In this portfolio project, I wanted to gain insights into user behaviors pre-and-post acquisition of Ford GoBike by Lyft Baywheels. The Lyft BayWheels product is their latest initiative that provides rental bikes all across San Francisco through the Lyft app. I dove into the data & utilized SQL to clean & merge the data from 3 datasets:
- the old Ford GoBike dataset
- the new Lyft Baywheels dataset
- the San Fransisco weather dataset
With the datasets cleaned & merged, I imported the data into Tableau to create some data visualizations that helped me identify patterns in user behavior. Using these visualizations, I drew meaningful insights that informed the creation of two user personas for Lyft Baywheels.

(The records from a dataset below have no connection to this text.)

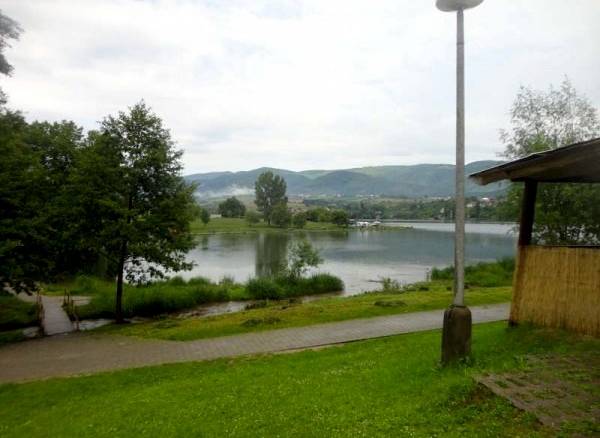 Exteriér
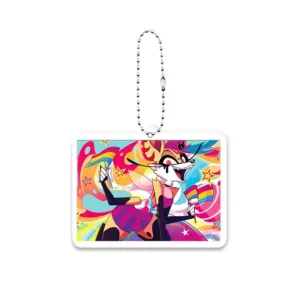 Helluva Boss Acrylic Keychain Decor Cartoon Student Verosika Loona Blitz Bag Pendant Móc Treo Đeo Thoại, Standee, Móc Khoá In Theo Yêu Cầu, Chất Liệu Mica Dày 4mm, Kích Thước 5.5 Cm, Có In Test Mẫu Helluva Boss Acrylic Keychain Decor Cartoon Student Verosika Loona Blitz Bag Pendant Móc Treo Đeo Thoại, Standee, Móc Khoá In Theo Yêu Cầu, Chất Liệu Mica Dày 4mm, Kích Thước 5.5 Cm, Có In Test Mẫu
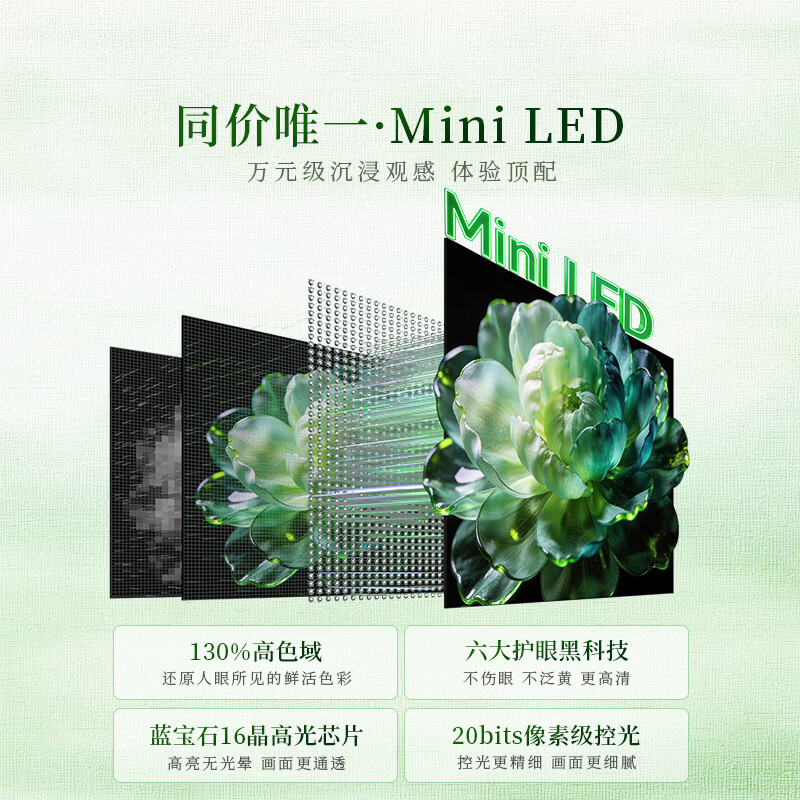 创维 65P5H Pro 65英寸电视图片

These personas allowed me to gain a deeper understanding of the users from both Ford GoBike and Lyft Baywheels, and helped me make more informed decisions when it came to marketing and user acquisition strategies.
This project was a great showcase of my skills in data cleaning, merging, and visualization, all of which were accomplished using SQL and Tableau. Through these tools, I was able to effectively analyze complex datasets and extract valuable insights that helped drive marketing decisions that align with the goals & interests of Lyft Baywheels’ audience segments. Overall, this project demonstrates how data-driven insights can be used to create effective marketing strategies & optimize business performance.